Please transcribe every entry below exactly as written.

■ Input data:
※ ※ ※

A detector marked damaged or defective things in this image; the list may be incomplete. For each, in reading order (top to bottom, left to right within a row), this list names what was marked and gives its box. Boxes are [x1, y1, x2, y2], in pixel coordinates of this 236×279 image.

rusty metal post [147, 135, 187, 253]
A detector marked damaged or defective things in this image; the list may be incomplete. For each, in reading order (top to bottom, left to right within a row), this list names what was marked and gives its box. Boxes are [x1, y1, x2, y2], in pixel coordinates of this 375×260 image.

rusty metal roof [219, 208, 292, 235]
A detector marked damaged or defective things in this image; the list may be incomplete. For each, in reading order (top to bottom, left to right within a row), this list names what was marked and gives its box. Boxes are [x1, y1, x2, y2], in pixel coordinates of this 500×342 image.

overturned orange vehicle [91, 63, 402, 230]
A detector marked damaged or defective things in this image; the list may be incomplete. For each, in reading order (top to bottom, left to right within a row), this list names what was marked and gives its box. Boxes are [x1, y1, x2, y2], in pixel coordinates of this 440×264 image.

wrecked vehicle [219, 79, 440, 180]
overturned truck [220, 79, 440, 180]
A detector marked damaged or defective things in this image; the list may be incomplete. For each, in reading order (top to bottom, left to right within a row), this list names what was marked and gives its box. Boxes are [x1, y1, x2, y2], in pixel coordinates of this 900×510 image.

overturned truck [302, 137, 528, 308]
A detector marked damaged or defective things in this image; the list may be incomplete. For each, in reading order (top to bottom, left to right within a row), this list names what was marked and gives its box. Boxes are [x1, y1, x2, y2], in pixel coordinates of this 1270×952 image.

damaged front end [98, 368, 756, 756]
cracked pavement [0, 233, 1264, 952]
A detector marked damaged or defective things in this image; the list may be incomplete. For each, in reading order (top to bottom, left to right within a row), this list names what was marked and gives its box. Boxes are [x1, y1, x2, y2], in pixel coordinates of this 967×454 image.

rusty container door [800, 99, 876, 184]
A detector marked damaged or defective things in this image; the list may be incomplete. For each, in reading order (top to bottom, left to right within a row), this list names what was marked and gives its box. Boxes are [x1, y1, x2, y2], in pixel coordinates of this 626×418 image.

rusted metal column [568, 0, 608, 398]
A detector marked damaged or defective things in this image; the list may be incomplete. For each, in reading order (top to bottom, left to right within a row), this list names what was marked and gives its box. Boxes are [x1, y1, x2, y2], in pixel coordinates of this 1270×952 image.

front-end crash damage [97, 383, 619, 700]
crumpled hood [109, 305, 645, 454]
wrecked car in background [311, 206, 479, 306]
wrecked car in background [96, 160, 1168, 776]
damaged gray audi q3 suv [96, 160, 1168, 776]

※ ※ ※

■ Exercise result:
A detector marked damaged or defective things in this image; the list may be incomplete. For each, in reading order (top to bottom, left to right within a row), this list names what was marked and gives its box. Boxes are [x1, y1, x2, y2], in pixel coordinates of this 236×279 image.

rusty metal post [147, 135, 187, 253]
A detector marked damaged or defective things in this image; the list may be incomplete. For each, in reading order (top to bottom, left to right within a row), this list names what was marked and gives its box. Boxes are [x1, y1, x2, y2], in pixel coordinates of this 375×260 image.

rusty metal roof [219, 208, 292, 235]
A detector marked damaged or defective things in this image; the list may be incomplete. For each, in reading order (top to bottom, left to right within a row), this list names what was marked and gives its box. Boxes are [x1, y1, x2, y2], in pixel coordinates of this 500×342 image.

overturned orange vehicle [91, 63, 402, 230]
A detector marked damaged or defective things in this image; the list may be incomplete. For each, in reading order (top to bottom, left to right within a row), this list names what was marked and gives its box. Boxes are [x1, y1, x2, y2], in pixel coordinates of this 440×264 image.

wrecked vehicle [219, 79, 440, 180]
overturned truck [220, 79, 440, 180]
A detector marked damaged or defective things in this image; the list may be incomplete. For each, in reading order (top to bottom, left to right within a row), this list names what was marked and gives its box. Boxes are [x1, y1, x2, y2], in pixel coordinates of this 900×510 image.

overturned truck [302, 137, 528, 308]
A detector marked damaged or defective things in this image; the list may be incomplete. For each, in reading order (top to bottom, left to right within a row), this list names what was marked and gives its box. Boxes are [x1, y1, x2, y2], in pixel coordinates of this 1270×952 image.

damaged front end [98, 368, 756, 756]
cracked pavement [0, 233, 1264, 952]
A detector marked damaged or defective things in this image; the list may be incomplete. For each, in reading order (top to bottom, left to right within a row), this list names what was marked and gives its box. Boxes are [x1, y1, x2, y2], in pixel coordinates of this 967×454 image.

rusty container door [800, 99, 876, 184]
A detector marked damaged or defective things in this image; the list may be incomplete. For each, in reading order (top to bottom, left to right within a row), this list names what was marked and gives its box. Boxes are [x1, y1, x2, y2], in pixel coordinates of this 626×418 image.

rusted metal column [568, 0, 608, 398]
A detector marked damaged or defective things in this image; the list may be incomplete. For each, in reading order (top to bottom, left to right within a row), this list names what was marked and gives its box. Boxes are [x1, y1, x2, y2], in pixel coordinates of this 1270×952 image.

front-end crash damage [97, 383, 619, 700]
crumpled hood [109, 305, 645, 454]
wrecked car in background [311, 206, 479, 306]
wrecked car in background [96, 160, 1168, 776]
damaged gray audi q3 suv [96, 160, 1168, 776]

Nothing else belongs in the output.